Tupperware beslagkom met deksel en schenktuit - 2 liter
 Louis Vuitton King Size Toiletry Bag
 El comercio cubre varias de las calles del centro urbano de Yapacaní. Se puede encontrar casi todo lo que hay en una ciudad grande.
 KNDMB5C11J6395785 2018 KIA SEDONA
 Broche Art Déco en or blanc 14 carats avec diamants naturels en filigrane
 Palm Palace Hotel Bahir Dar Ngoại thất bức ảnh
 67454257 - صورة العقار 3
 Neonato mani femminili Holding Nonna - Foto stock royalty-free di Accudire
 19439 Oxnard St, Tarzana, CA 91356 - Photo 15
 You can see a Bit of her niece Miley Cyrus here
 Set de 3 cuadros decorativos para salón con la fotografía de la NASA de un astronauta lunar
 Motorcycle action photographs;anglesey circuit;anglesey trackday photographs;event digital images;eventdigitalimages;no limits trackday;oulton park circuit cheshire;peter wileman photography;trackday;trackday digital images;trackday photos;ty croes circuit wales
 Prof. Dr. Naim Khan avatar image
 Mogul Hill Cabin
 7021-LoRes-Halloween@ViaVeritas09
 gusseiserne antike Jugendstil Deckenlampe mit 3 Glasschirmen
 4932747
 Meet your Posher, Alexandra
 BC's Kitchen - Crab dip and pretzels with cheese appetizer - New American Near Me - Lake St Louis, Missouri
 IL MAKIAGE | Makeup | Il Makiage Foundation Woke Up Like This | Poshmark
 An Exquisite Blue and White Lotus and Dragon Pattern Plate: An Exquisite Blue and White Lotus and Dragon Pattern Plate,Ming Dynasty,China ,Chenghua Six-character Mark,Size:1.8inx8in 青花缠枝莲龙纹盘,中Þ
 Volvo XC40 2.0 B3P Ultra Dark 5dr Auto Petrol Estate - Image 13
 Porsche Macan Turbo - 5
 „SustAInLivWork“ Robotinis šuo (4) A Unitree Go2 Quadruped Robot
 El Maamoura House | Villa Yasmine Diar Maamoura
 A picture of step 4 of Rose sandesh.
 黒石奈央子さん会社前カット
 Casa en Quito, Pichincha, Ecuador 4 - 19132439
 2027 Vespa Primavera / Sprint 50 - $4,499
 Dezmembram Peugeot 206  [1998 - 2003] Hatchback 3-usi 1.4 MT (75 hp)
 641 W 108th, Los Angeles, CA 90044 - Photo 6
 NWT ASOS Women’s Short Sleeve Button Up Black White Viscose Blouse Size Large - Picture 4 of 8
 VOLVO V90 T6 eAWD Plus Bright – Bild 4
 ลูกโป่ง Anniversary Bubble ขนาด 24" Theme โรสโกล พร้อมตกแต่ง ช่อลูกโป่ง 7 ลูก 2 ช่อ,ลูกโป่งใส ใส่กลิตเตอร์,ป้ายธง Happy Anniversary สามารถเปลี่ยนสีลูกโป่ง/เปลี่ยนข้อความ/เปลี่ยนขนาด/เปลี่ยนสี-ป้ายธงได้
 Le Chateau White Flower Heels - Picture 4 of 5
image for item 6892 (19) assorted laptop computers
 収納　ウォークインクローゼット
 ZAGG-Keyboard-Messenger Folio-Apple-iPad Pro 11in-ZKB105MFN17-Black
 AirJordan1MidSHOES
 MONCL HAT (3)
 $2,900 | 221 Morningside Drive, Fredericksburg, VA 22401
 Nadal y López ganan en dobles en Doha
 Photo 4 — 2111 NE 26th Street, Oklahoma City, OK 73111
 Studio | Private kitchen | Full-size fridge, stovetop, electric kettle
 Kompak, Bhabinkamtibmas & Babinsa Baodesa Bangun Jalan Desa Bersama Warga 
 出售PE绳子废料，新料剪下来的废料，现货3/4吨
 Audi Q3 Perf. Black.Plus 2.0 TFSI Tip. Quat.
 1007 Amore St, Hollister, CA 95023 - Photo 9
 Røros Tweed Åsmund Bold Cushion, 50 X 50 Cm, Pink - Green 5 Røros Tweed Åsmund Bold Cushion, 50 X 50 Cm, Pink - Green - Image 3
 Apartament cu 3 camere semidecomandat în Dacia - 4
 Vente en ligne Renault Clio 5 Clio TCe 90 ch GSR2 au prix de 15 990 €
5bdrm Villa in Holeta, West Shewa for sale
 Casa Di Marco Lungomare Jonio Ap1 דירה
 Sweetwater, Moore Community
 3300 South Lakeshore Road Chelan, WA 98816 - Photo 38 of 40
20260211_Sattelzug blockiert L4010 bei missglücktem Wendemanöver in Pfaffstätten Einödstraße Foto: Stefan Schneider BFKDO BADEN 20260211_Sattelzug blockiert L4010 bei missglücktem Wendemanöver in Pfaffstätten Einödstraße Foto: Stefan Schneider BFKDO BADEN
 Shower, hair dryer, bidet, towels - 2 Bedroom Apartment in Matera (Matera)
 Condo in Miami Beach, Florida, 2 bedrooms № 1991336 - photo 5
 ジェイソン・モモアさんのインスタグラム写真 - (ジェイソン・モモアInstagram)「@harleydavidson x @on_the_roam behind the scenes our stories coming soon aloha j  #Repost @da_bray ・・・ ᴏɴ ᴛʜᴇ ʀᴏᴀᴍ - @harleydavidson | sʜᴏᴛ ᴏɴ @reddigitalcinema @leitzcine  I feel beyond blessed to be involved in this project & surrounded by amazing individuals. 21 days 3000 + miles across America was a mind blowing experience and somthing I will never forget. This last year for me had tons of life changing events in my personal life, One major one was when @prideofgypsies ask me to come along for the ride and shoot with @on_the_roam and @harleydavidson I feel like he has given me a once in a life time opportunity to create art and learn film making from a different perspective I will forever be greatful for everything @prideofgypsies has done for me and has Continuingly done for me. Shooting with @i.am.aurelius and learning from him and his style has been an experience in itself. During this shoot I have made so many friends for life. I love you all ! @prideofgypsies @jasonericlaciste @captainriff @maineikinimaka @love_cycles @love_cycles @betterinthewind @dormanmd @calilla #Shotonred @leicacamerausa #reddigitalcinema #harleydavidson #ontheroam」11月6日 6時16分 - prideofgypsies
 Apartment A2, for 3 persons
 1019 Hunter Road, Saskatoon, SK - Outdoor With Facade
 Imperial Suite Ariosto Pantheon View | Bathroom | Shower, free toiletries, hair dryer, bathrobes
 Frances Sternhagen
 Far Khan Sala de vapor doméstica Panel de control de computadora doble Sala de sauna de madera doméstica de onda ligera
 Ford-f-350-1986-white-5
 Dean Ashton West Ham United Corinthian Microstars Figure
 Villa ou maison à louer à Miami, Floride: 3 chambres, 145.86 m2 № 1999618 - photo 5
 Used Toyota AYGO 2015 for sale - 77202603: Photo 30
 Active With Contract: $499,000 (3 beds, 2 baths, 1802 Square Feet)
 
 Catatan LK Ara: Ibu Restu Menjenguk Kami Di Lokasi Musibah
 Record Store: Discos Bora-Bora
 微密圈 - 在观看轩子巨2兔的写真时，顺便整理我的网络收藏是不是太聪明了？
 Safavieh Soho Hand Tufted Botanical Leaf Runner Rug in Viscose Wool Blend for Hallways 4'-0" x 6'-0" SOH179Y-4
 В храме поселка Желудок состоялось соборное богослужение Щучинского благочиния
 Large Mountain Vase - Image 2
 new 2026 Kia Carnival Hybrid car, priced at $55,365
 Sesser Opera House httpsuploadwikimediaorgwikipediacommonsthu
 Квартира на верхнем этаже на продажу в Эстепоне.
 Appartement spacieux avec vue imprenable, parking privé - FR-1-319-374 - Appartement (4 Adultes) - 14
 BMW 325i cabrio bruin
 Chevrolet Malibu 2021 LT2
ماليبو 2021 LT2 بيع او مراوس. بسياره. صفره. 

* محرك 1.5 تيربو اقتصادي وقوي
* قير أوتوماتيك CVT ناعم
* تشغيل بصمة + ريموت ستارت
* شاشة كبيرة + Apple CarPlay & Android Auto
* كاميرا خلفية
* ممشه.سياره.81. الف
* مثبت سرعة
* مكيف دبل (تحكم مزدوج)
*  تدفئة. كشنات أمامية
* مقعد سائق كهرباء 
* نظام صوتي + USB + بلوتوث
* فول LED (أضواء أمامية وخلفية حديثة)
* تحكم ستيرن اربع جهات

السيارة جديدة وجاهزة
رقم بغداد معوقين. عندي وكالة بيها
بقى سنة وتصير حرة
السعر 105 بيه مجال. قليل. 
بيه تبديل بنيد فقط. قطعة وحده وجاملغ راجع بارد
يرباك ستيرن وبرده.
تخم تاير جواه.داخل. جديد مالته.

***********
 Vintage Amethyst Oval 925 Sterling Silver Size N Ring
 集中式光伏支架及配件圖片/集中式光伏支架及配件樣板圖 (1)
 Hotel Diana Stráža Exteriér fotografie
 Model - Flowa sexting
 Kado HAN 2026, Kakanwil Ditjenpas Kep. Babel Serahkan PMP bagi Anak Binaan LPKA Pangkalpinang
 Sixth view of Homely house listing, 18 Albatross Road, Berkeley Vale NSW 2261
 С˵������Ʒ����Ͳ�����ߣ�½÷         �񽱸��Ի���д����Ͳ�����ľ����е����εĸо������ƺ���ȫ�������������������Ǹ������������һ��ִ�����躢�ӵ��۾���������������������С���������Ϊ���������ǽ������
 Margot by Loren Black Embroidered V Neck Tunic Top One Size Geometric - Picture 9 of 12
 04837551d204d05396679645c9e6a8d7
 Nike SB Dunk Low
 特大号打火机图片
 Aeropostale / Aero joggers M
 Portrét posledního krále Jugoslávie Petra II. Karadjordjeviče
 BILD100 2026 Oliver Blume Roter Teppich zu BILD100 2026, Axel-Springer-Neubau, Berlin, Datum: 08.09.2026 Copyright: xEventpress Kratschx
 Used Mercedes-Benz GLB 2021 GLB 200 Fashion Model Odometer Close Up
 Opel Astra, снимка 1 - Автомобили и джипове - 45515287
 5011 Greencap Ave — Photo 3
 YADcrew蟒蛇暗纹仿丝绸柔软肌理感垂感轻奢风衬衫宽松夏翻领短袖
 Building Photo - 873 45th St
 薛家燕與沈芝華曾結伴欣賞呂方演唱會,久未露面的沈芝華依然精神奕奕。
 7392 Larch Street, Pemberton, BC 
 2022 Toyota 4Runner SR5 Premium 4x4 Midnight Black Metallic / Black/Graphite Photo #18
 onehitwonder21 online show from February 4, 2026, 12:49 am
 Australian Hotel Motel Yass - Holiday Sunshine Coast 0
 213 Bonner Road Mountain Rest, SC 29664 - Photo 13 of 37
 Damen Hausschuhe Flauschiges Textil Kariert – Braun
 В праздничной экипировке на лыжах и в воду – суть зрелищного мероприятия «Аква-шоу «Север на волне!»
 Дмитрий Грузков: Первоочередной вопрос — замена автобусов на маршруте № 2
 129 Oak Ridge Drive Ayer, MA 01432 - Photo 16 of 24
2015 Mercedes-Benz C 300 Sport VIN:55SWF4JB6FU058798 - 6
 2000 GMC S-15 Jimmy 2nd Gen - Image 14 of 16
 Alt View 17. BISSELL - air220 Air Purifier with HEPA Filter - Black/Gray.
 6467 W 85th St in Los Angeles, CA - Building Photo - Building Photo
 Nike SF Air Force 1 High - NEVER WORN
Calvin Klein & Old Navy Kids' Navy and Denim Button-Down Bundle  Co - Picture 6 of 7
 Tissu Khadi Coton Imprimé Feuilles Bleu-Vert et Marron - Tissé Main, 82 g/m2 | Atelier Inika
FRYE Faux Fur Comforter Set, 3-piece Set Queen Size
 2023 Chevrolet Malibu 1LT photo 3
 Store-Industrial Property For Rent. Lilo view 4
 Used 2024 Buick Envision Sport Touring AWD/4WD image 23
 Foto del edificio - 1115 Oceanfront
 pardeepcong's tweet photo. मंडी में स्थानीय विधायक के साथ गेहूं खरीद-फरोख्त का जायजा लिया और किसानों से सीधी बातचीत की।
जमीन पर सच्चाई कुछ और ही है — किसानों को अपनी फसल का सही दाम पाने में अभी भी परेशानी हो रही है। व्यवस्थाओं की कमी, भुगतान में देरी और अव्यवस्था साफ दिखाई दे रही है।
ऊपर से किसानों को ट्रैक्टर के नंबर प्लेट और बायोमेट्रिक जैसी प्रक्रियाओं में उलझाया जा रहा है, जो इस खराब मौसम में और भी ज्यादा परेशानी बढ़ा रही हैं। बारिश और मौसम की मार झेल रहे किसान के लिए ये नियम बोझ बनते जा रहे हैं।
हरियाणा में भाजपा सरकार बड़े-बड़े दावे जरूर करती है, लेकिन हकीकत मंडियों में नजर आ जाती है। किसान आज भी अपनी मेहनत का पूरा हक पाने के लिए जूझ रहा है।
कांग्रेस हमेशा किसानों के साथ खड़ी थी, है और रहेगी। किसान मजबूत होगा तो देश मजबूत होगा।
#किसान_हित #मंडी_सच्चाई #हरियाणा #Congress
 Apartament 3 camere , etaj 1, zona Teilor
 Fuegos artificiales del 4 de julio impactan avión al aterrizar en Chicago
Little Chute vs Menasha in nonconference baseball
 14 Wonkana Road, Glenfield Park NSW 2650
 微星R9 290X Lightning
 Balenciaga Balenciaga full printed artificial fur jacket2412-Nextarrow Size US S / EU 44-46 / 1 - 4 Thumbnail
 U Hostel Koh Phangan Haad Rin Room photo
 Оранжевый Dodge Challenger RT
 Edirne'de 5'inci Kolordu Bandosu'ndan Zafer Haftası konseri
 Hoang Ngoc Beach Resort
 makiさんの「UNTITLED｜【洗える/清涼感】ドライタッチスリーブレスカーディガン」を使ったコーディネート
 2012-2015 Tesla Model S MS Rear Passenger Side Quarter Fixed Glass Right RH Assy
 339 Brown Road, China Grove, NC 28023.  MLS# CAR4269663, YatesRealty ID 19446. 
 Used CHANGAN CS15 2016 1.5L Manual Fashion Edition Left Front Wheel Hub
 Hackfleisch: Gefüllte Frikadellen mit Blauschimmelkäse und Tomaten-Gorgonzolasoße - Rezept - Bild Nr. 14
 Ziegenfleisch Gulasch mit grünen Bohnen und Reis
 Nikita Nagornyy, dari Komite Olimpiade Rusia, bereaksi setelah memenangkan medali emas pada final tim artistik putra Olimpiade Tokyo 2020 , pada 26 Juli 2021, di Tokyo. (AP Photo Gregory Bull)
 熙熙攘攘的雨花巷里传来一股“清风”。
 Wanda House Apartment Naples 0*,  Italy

## THE TASK:
Each line above that contains the word "Shower" must be copied.

## ANSWER BELOW:
 Shower, hair dryer, bidet, towels - 2 Bedroom Apartment in Matera (Matera)
 Imperial Suite Ariosto Pantheon View | Bathroom | Shower, free toiletries, hair dryer, bathrobes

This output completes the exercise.